From these six sources can be gained a very accurate understanding of how Latin was pronounced in the days of Cicero and Caesar. It is not too much to claim that the system of pronunciation upon which scholars are now agreed, differs less from that of the Romans of the Augustan Age than does our modern pronunciation of English differ from that of Shakespeare and his contemporaries.
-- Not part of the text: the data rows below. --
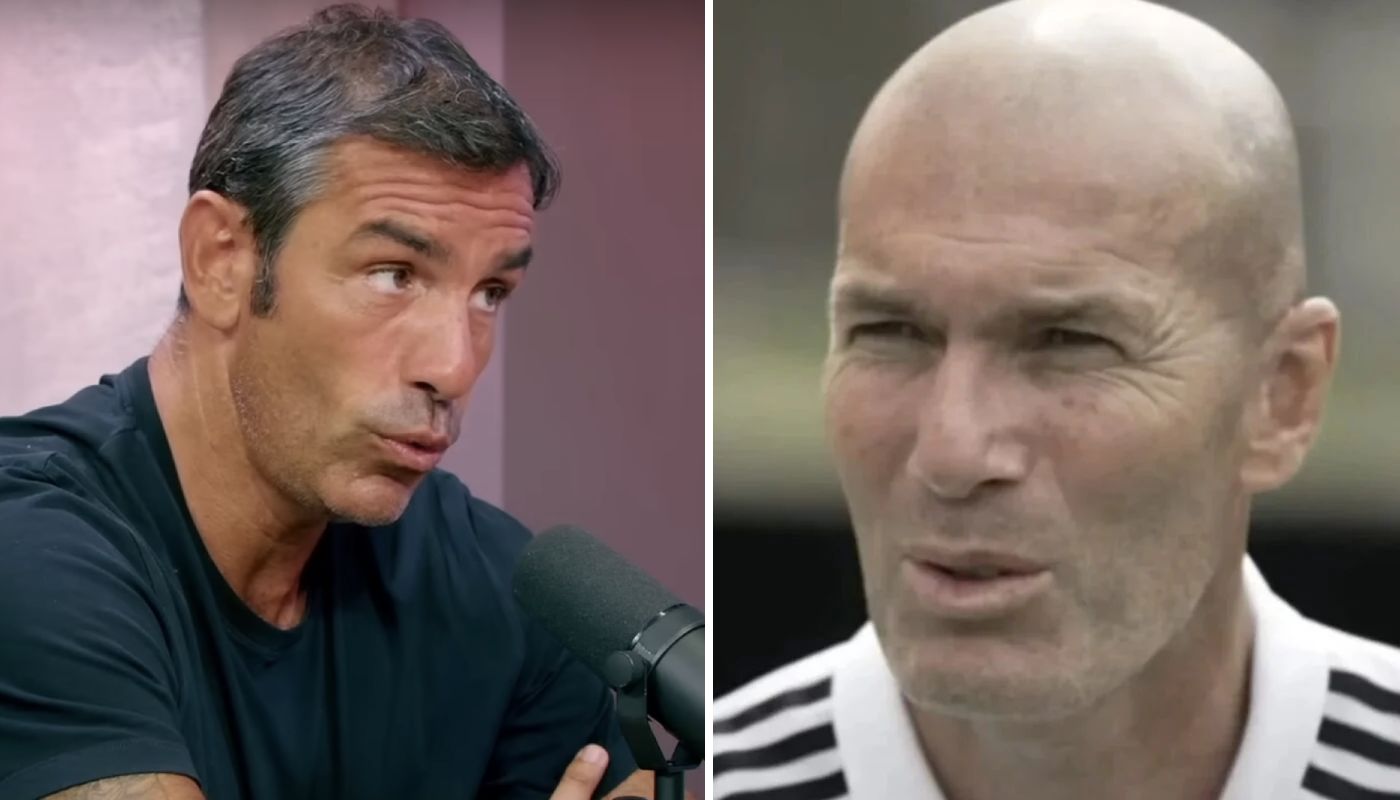 Les deux champions du monde Robert Pirès et Zinédine Zidane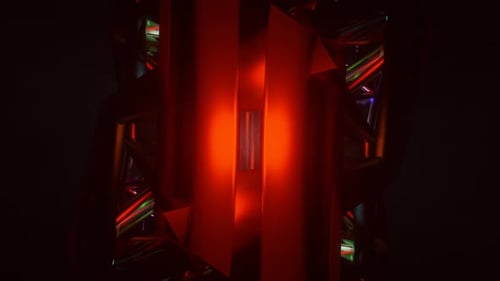 Estroboscópio rotativo abstrato moderno surreal pulsante futurista multicolorido psicodélico hipnótico VJ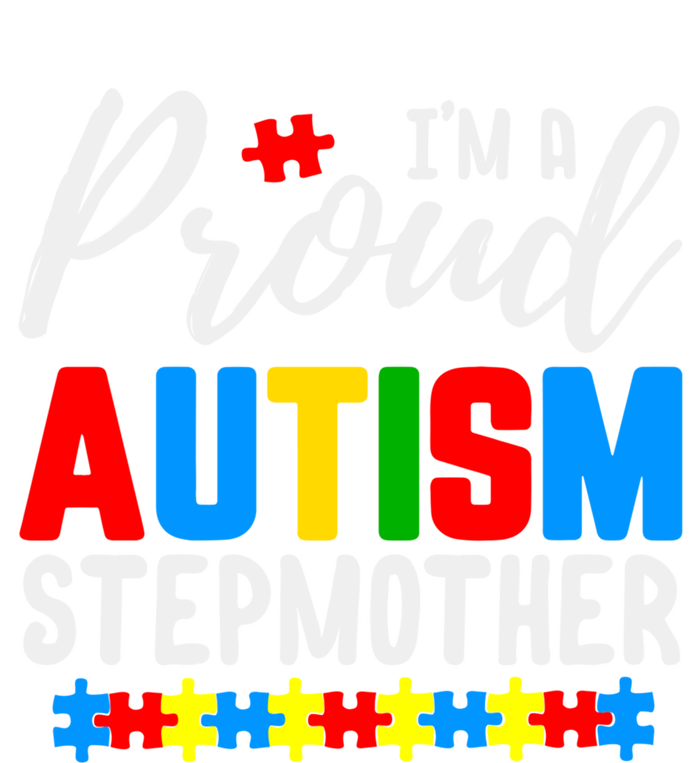 I'm A Proud Autism Stepmother Autism Gift Stripe Pom Pom Beanie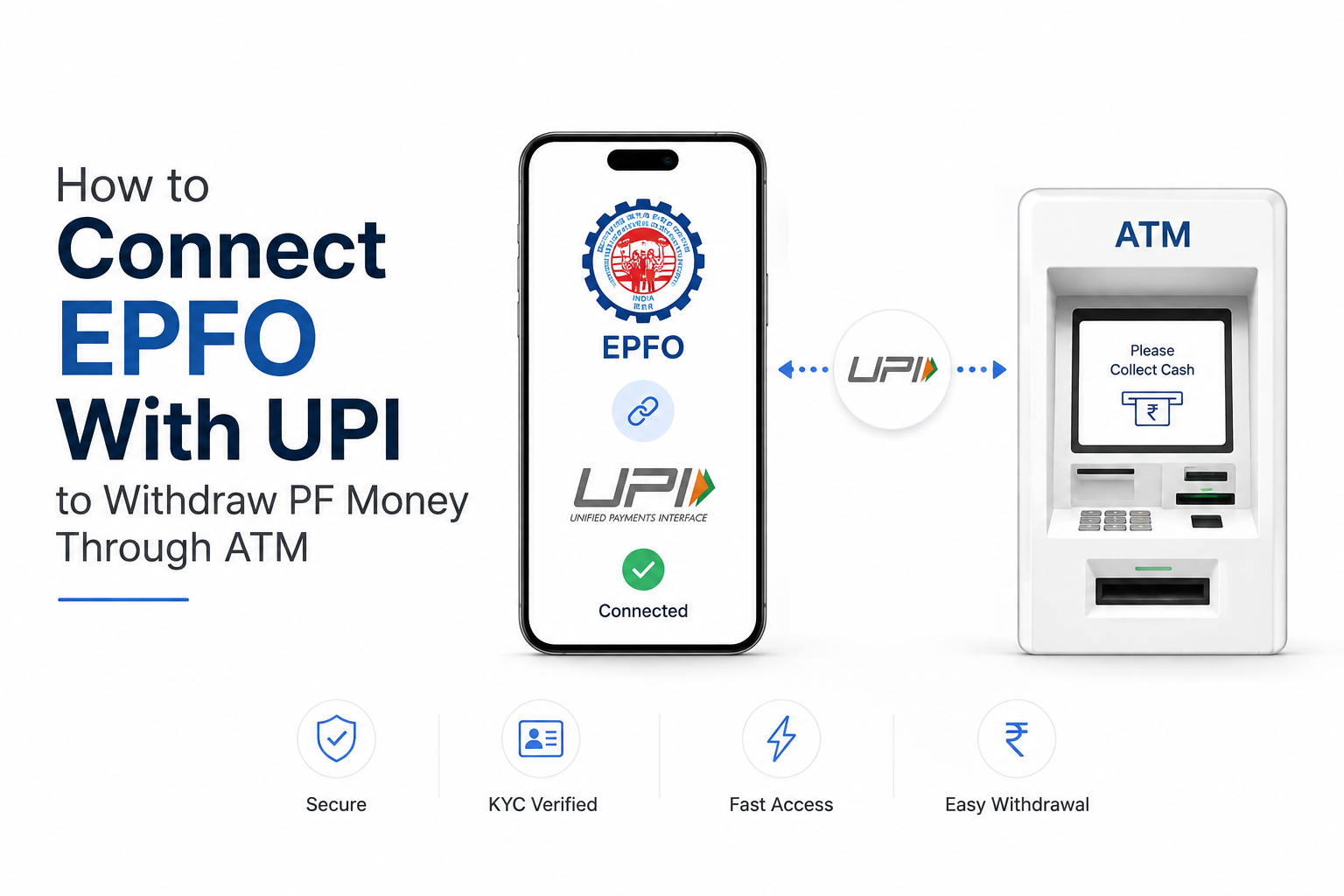 How to Connect EPFO Account With UPI to Withdraw PF Money Through ATM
[It is not always remembered that only very gradually was the true pronunciation of Latin lost in Europe. Scholars long retained the essential features of it, and by the fact of their constant intercourse long prevented the growth of local and national variations from the established method. Great teachers like Erasmus passed from country to country, lecturing in Latin at the universities of Italy, Germany, Holland, Trance, and England, teaching pupils of all nationalities, and being everywhere understood without any difficulty, for Latin was the lingua franca of the educated, and one general pronunciation of it prevailed. Even in England, it was only after that country's isolation, political and religious, in the sixteenth century, that an "English pronunciation" arose, and this was long protested against, e.g. by Cardinal Wolsey, by Milton, and as late as the last century by Ainsworth (1746) and Philipps (1750). For the Continental traditions, see Justus Lipsius in his Dialogus de Recta Pronunciatione Linguae Latinae; and Erasmus, De Recta Latini Graecique Sermonis Pronunciatione (Basic, 1528). In Scotland, the Continental sound of the vowels was long retained, on which see the incident imagined by Sir Walter Scott in his novel The Fortunes of Nigel, ch. ix.]